Türkiye’de yıllardır konuşulan ama istikrara kavuşamayan konulardan birisi spor alışkanlığımız. Okullarda beden derslerinde sporumsu şeyler yapardık. Genel olarak beden dersi boş ders gibi görülürdü. Bizlere de çok gereksiz iş gibi gelirdi. Kamuya ait spor salonları, birçok özel spor salonları olmasına rağmen spor alışkanlığımızı değiştiremiyoruz. Bende uzun bir süre spor yapmış ve hala spor yapan biri olarak bazı gözlemlerimi aktaracağım.
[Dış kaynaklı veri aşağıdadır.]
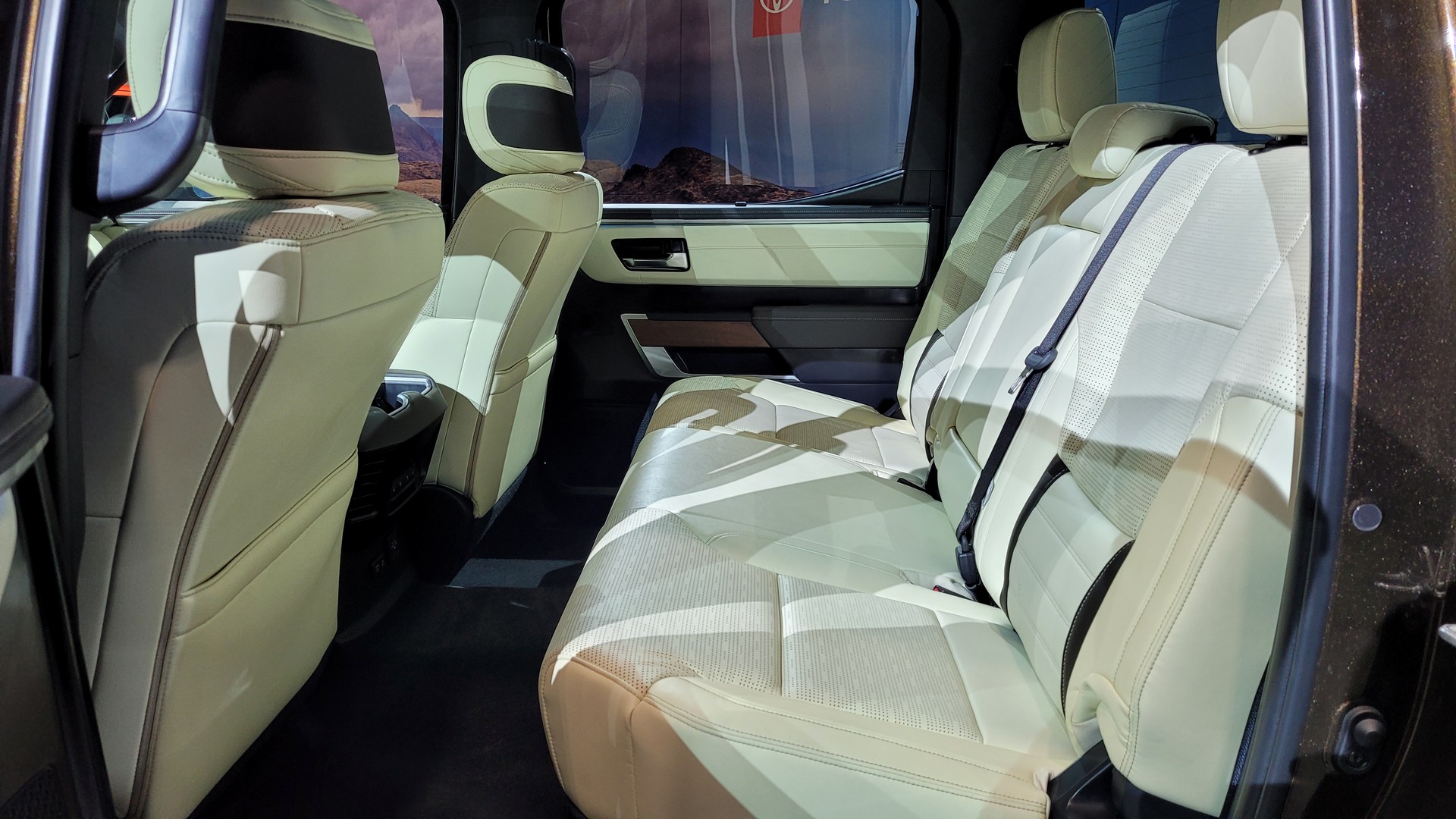 The 2022 Toyota Tundra Is A Tougher, Twin-Turbo’ed Pickup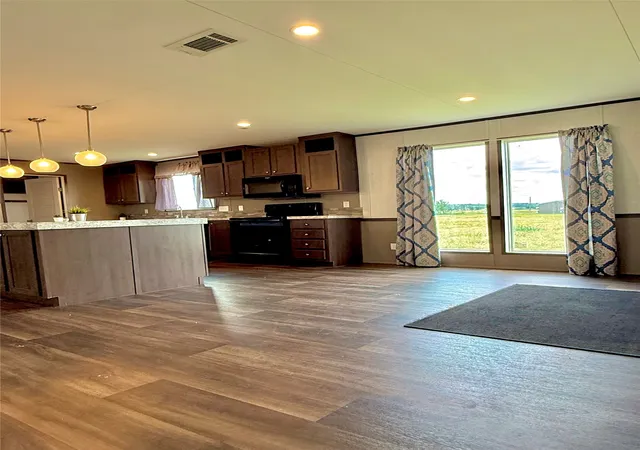 Photo 4 of Manufactured home for sale at 1101 Eagle Cove Ln, Clyde, TX 79510 | MLS# 21353964 | Listing updated on 2026-09-30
Gözlemlediğim ilk sorun: Spor hocalarının bilimsel bilgilerden uzak ve tamamen pratiğe dayalı bilgilerle donatılmış olmaları. Bilimsel bilgilerden uzak yapılan spor yararlı olmayacaktır. Şimdi diyeceksiniz ki bilimsel bilgi ne alaka? Sporla ilgili yapılmış birçok çalışma var. Herkesin anlayabileceği bir örnek vereyim; zayıflamak için kardiyo yaparız. Birçok spor salonu da sizi önce kardiyo ile başlatır. Fakat yapılan birçok araştırmaya göre uzun vadede kas kütlesini artırmak, dinlenme halinde de yağ yakımını devam ettirir. Kardiyo ise sadece çalıştığınız süre boyunca yağlarınızı yakar. Bu sadece basit örneklerden birisi. Bu küçücük bilgi bile kişinin spor yapma alışkanlığını tamamen değiştirebilir. Bu tür bilgileri spor hocalarının bilmesi ve spora yeni başlayanları bilgilendirmesi gerekir. 
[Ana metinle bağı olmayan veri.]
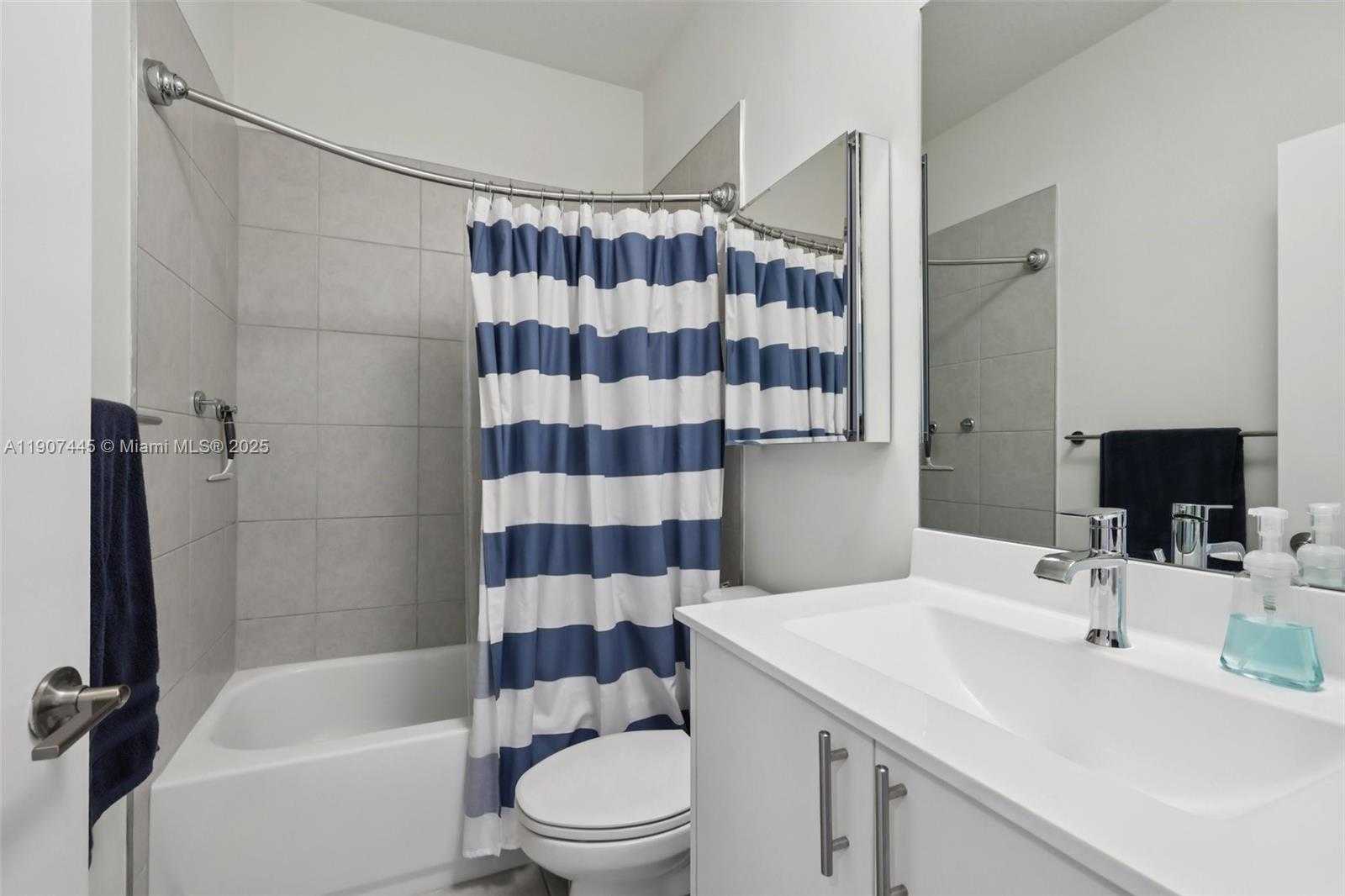 Small Image of 8001 NORTH WEST 41ST ST #F-112, Doral Number 23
 Spor salonları tabii ki ticari hedeflerini de düşünecekler ama sadece spor salonlarını doldurmak olmamalı asıl gaye. İstanbul’da hemen her cadde üstünde birden fazla spor salonu var. Bugünün şartlarında spor salonlarına ciddi bütçe ayırmasak bile asgari ücretli çalışan için önemli bir ücret haline geliyor. Spor bakanlığının bu konuda çalışma yapması lazım. En azından spora teşvik edici maddi veya manevi adımlar atılmalı. Diğer bir olumsuz nokta: Spor salonlarının küçük ve havalandırması olmaması. Bazı yerler gerçek anlamda spor yapmaya elverişli değil. Sadece ticari amaçla kurulduğu açık ve net ortada. Diğer bir sorun ise: Hocaların bu işi paraya dökmüş olması. Spor yaptığınız salonda size özel programlar para ile veriliyor. Yada sizinle birebir ilgilenilmesini istiyorsanız ekstra para ödemeniz gerek. Sağlıklı kalmak için haftanın en azından birkaç günü gitmek zorunda olduğumuz spor salonlarında bunu görmek üzücü. Farkında olmadan sporu lüks tüketimin içine sokuyoruz. Temelinde sağlık olan bir aktivitenin ticari amaçlara dönüşmemesi için standartlarının belirlenmesi gerekir diye düşünüyorum.

Bu konuyu dile getirmemin sebeplerinden birisi de; “fastfood” kültürünün her gün yaygınlaşması, beraberinde obeziteyi getirmesi. Dünya Sağlık Örgütü’nün 2018-2019 verilerine göre, Türkiye oransal olarak en şişman ülke sıralamasında, 193 ülke arasından 17. Sırada. Ülke olarak bu konuda önlemlerimizi şimdiden almamız gerekir.